**Work to complete:** The records follow. Copy them exactly, but omit the pictures.

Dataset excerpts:

.....

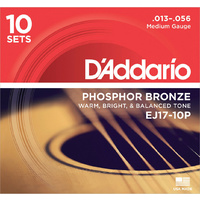10  Pack D'Addario EJ17 Phosphor Bronze  Medium Acoustic Guitar Strings 13 - 56 
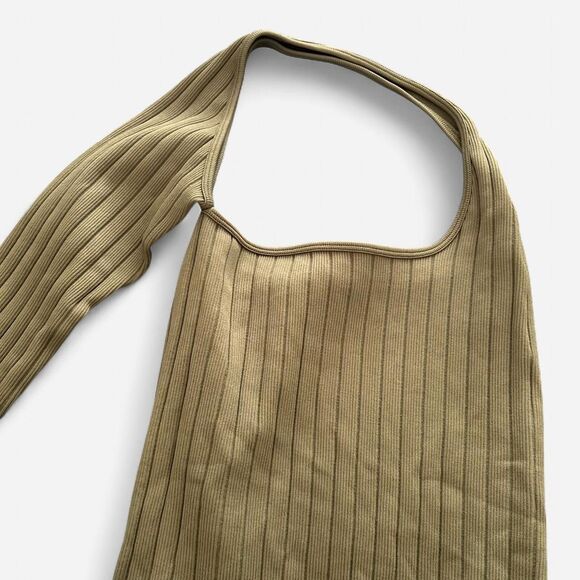 PrettyLittleThing Green Ribbed One-Sleeve Cutout Bodysuit Y2K Soft Grunge Small - Picture 4 of 6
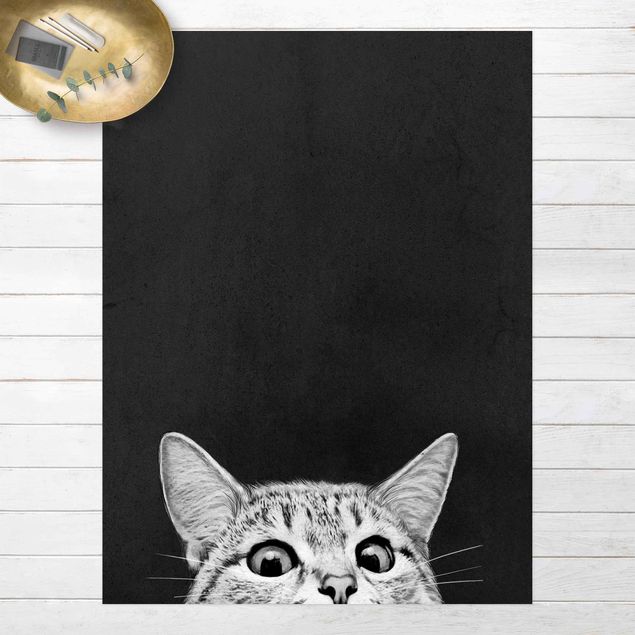 balkon tapijt Illustration Cat Black And White Drawing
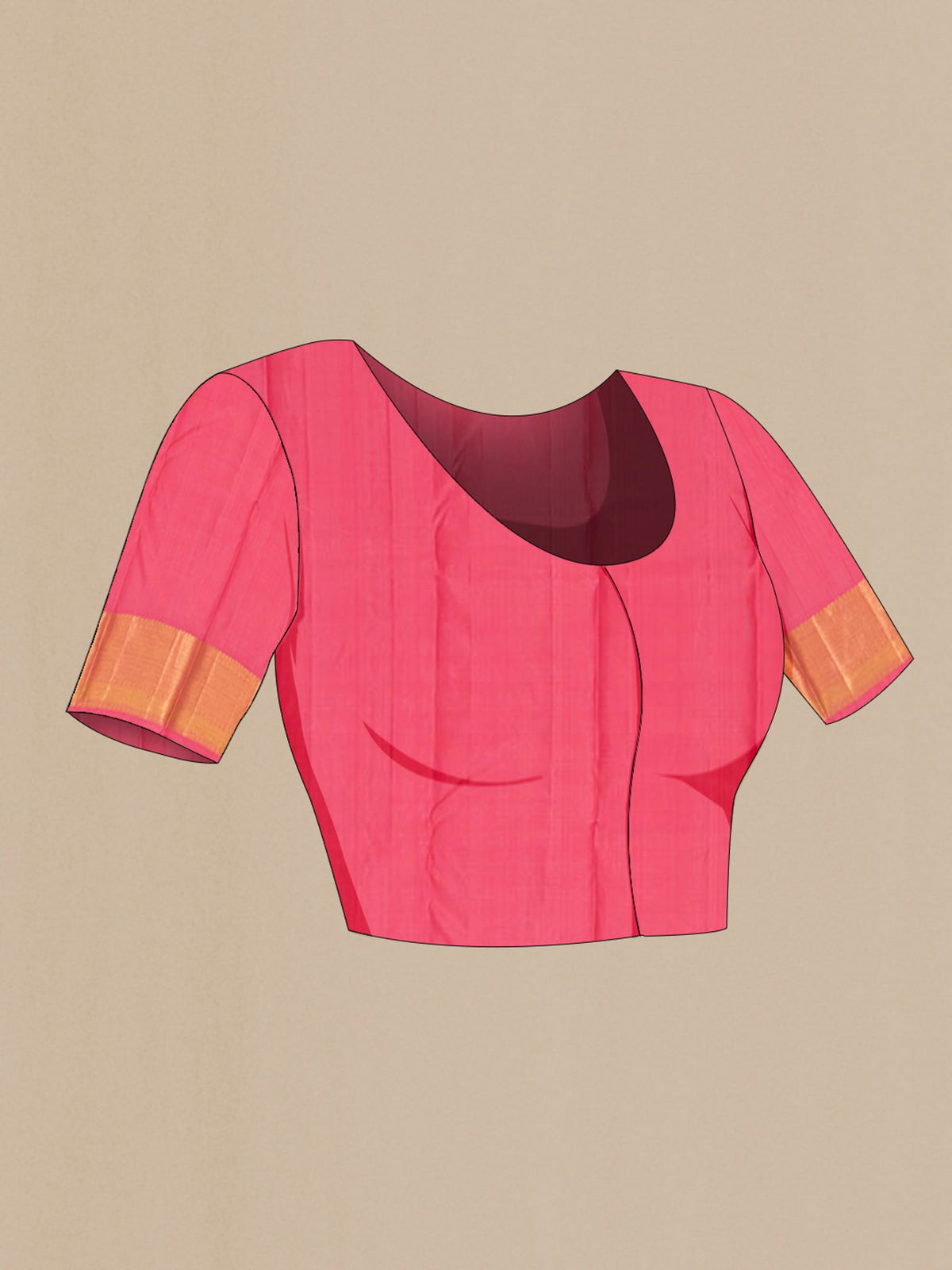 Close up image of the blouse of Peach Kanjivaram Silk Saree with Jacquard With Zari Butta on the body and Zari Border. 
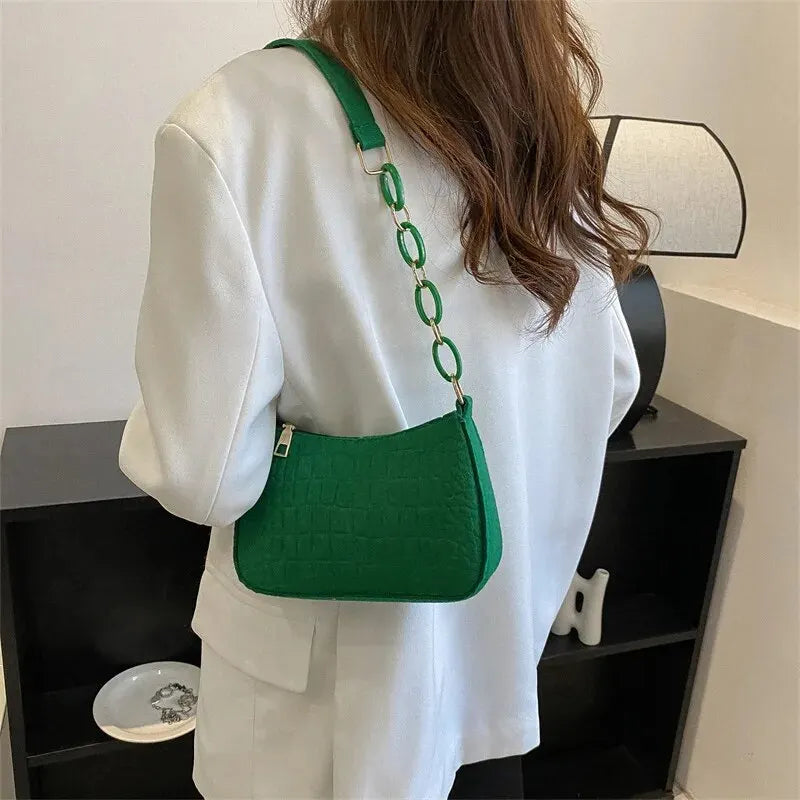 Luxury Felt Armpit Tote Fashionable Crescent & Square Handbag for Women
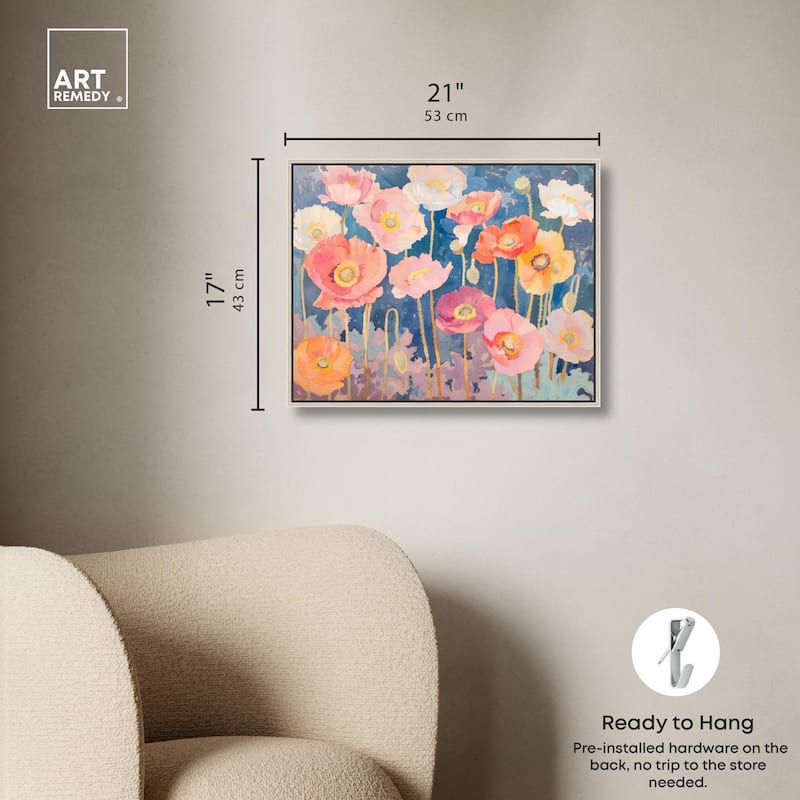 Pastel Poppies Canvas by Art Remedy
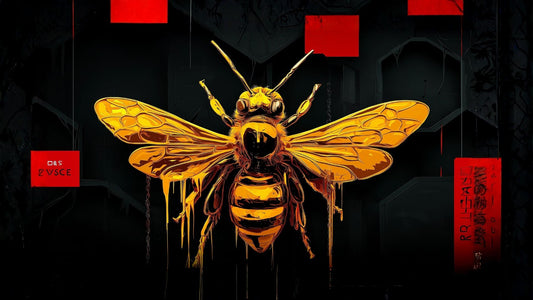 Stylized golden honey bee with outstretched wings on a dark geometric background, dramatic lighting highlighting detailed wings and body.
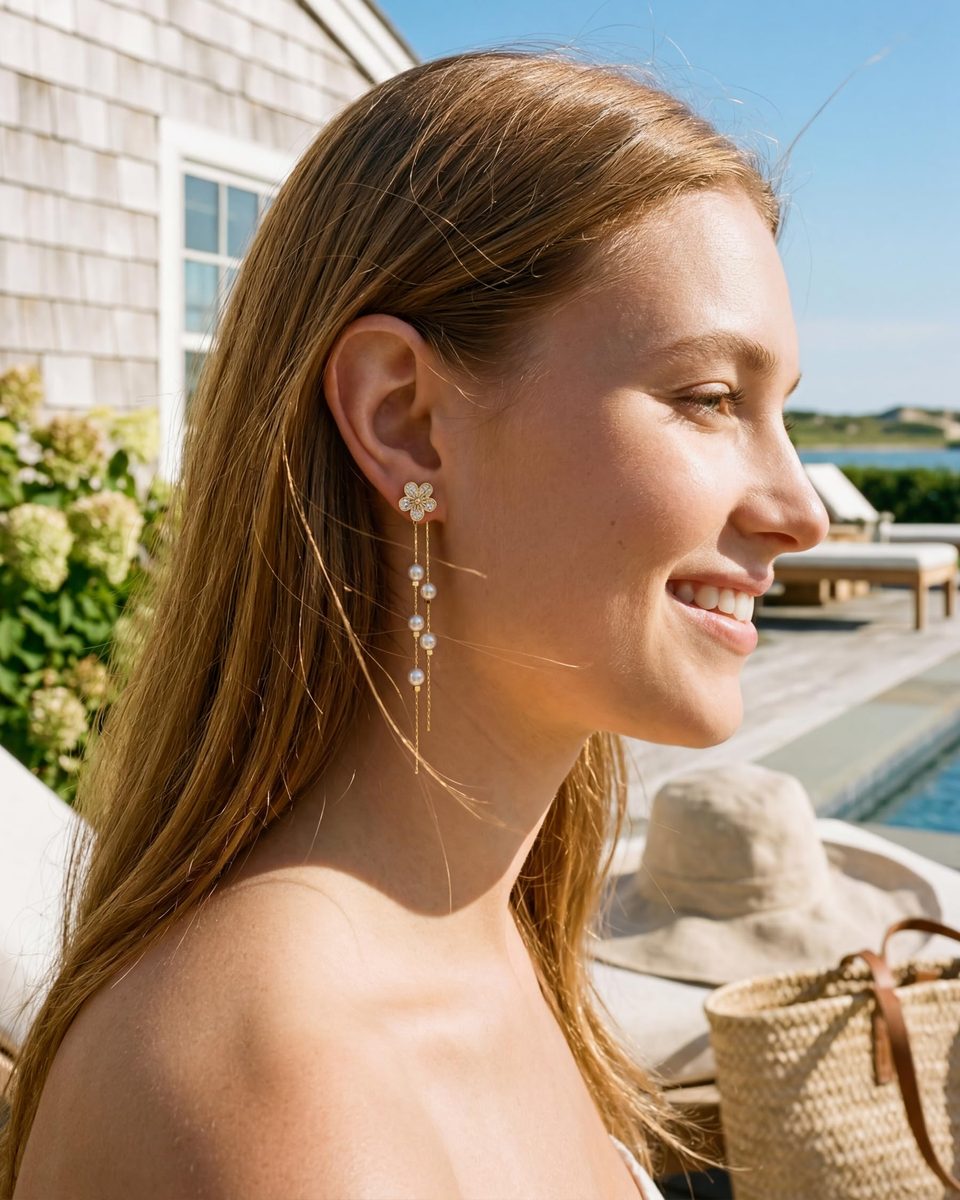 Trendy 14K Gold Dangle Earrings – photo 3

.....

**Exercise solution:**
10  Pack D'Addario EJ17 Phosphor Bronze  Medium Acoustic Guitar Strings 13 - 56 
 PrettyLittleThing Green Ribbed One-Sleeve Cutout Bodysuit Y2K Soft Grunge Small - Picture 4 of 6
 balkon tapijt Illustration Cat Black And White Drawing
 Close up image of the blouse of Peach Kanjivaram Silk Saree with Jacquard With Zari Butta on the body and Zari Border. 
 Luxury Felt Armpit Tote Fashionable Crescent & Square Handbag for Women
 Pastel Poppies Canvas by Art Remedy
 Stylized golden honey bee with outstretched wings on a dark geometric background, dramatic lighting highlighting detailed wings and body.
 Trendy 14K Gold Dangle Earrings – photo 3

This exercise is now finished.